Scores 99.25 of 100 in its reassessment.

LITTLE ROCK, AR (News Release) - The Family Medical Center at the University of Arkansas for Medical Sciences (UAMS) recently became the first primary-care clinic in Arkansas to earn renewal as a Level III Patient-Centered Medical Home (PCMH), where health professionals work as a team to address a patient’s chronic conditions.

The National Committee for Quality Assurance (NCQA) again awarded Level III, the highest level PCMH recognition, to UAMS Family Medical Center after it earned a score of 99.25 of 100 in its reassessment.

“We learned that our submission and the resulting scores were the best ever seen by consultants who reviewed the application,” said Daniel Knight, chair of the Department of Family and Preventive Medicine, which manages the medical center. “The renewed recognition and the high score reflect real benefits for our patients. They now have better access to care and resources to help improve their care.”

A patient-centered medical home creates partnerships between individual patients, their physicians and the patient’s family.

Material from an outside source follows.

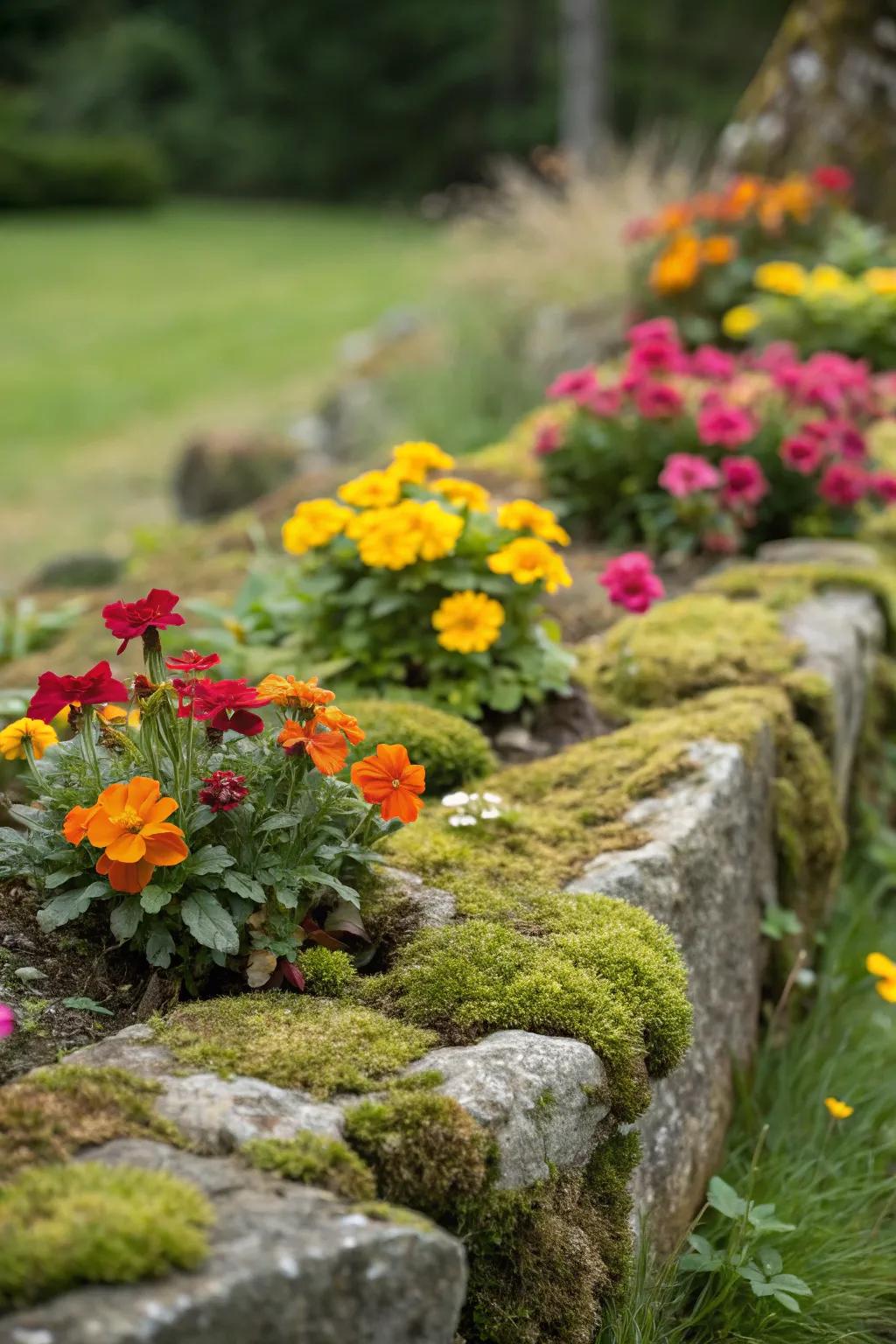 A beautifully framed flower bed with moss rock edging.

Care is facilitated by registries, information technology and health information exchange, so patients get the indicated care when and where they need and want it. A care manager serves works with patients to ensure they receive the care and other services they need.

In 2010, the Family Medical Center became the first primary care clinic in Arkansas to receive Level III recognition. Since establishing the PCMH, the UAMS Medical Center’s readmission rate among patients referred from the Family Medical Center has dropped from 22 percent to 15 percent.

Some of the key components of the PCMH long have been in place in the Family Medical Center. In 1998, the clinic was the first on campus to implement an electronic medical record system. Jamie Howard, M.D., also initiated clinical performance measurement and quality improvement measures there a decade ago, Knight said.

Knight also gave credit to Paula White, former Department of Family and Preventive Medicine administrator, for her work on the initial development of the Family Medical Center’s PCMH and the first NCQA recognition in 2010 and to Mary Prince, current administrator, for shepherding the reapplication through to such a successful conclusion.

In addition to improving patient outcomes, the medical-home model promises to cut costs by reducing the need for hospitalization or emergency room care. According to the Robert Wood Johnson Foundation, seven medical home demonstration projects at primary care practices reported a 6 percent to 40 percent reduction in hospitalizations, a 7 percent to 29 percent decline in emergency room visits and a savings of $71-$640 per patient.

Nationally, about a quarter of the primary care practices have adopted the patient-centered medical home model.

Charles Smith, M.D., executive associate dean for Clinical Affairs, leads the Center for Primary Care that includes the Family Medical Center. Two other clinics in the CPC, Internal Medicine North and the Thomas and Lyon Longevity Clinic at the Donald W. Reynolds Institute on Aging, both have obtained PCMH recognition. Two others, Internal Medicine South and Internal Medicine West, are in the process of applying for it. UAMS Family Medical Center Fort Smith, at UAMS West in Fort Smith, recently achieved Level III recognition from NCQA.

The NCQA is a private, nonprofit organization dedicated to improving health care. It has worked with leading national medical organizations like the American College of Physicians and the American Academy of Family Physicians to develop PCMH recognition standards.